▶ [What you should do] Would you retype the listing word for word, skipping its pictures?

▶ [Data block]
####
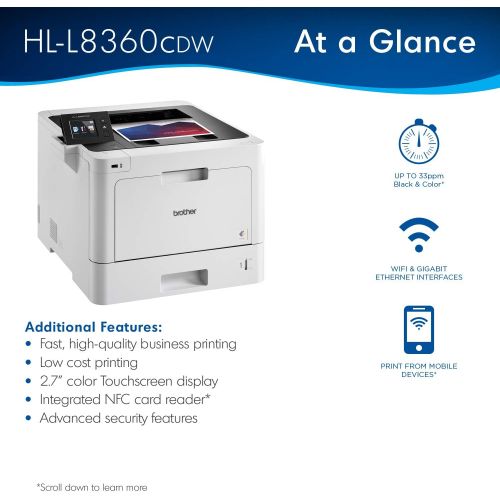 브라더 [아마존베스트]Brother Business Color Laser Printer, HL-L8360CDW, Wireless Networking, Automatic Duplex Printing, Mobile Printing, Cloud printing, Amazon Dash Replenishment Ready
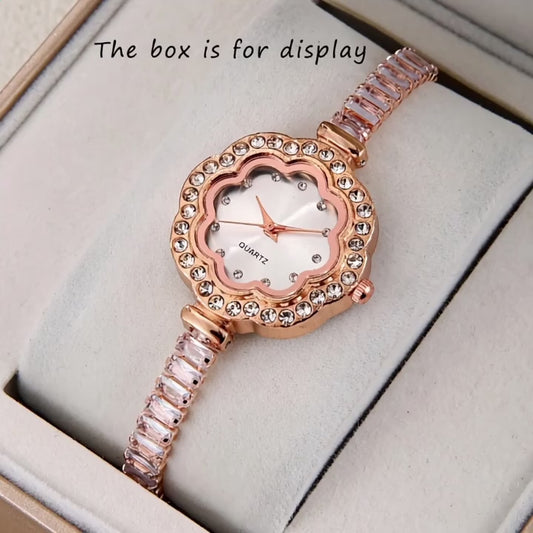 🌹 Elegant Rose Golden Women’s Quartz Watch – Sparkling Rhinestones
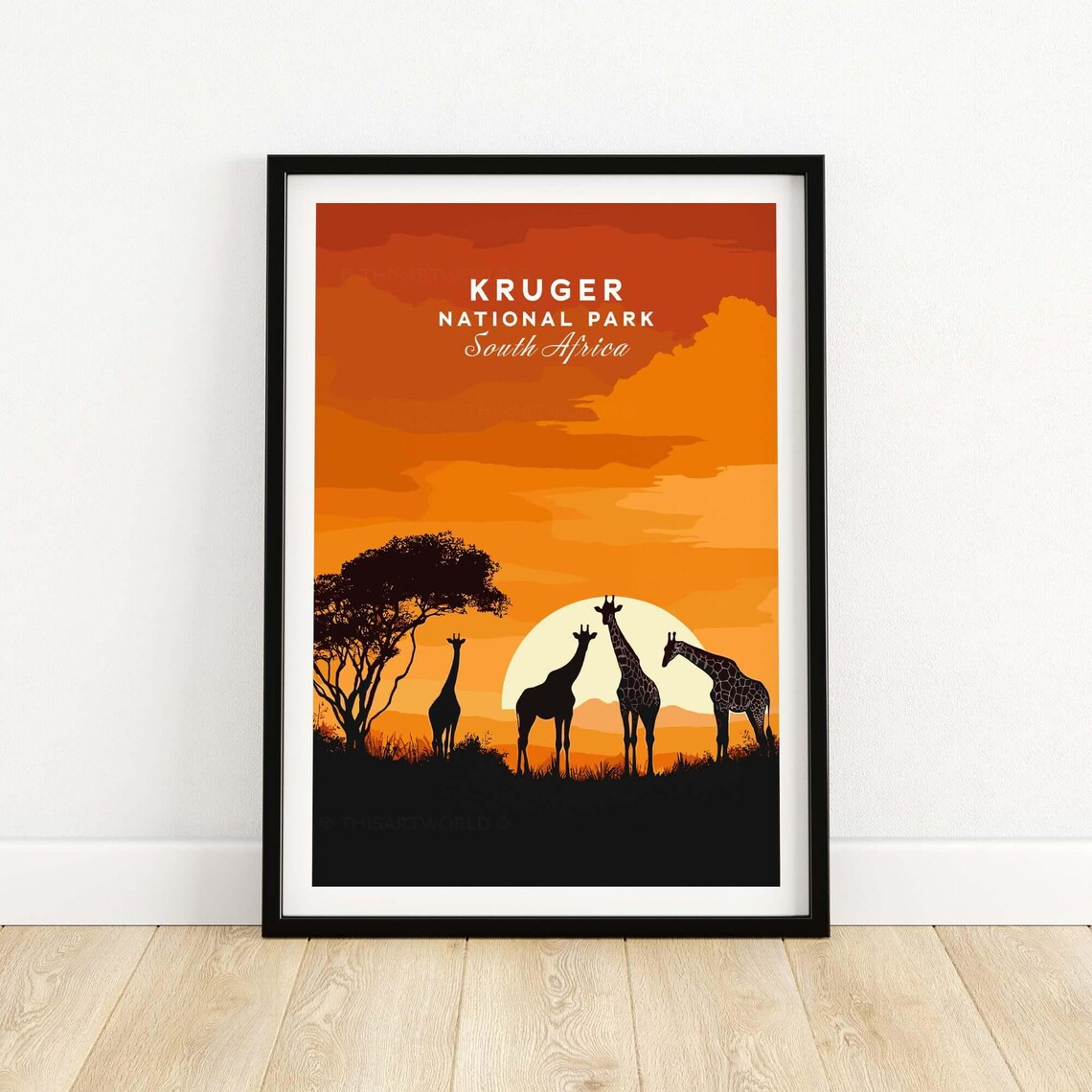 Kruger Park Poster, South Africa Giraffe Art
####
▶ [Result of the task]
 브라더 [아마존베스트]Brother Business Color Laser Printer, HL-L8360CDW, Wireless Networking, Automatic Duplex Printing, Mobile Printing, Cloud printing, Amazon Dash Replenishment Ready
 🌹 Elegant Rose Golden Women’s Quartz Watch – Sparkling Rhinestones
 Kruger Park Poster, South Africa Giraffe Art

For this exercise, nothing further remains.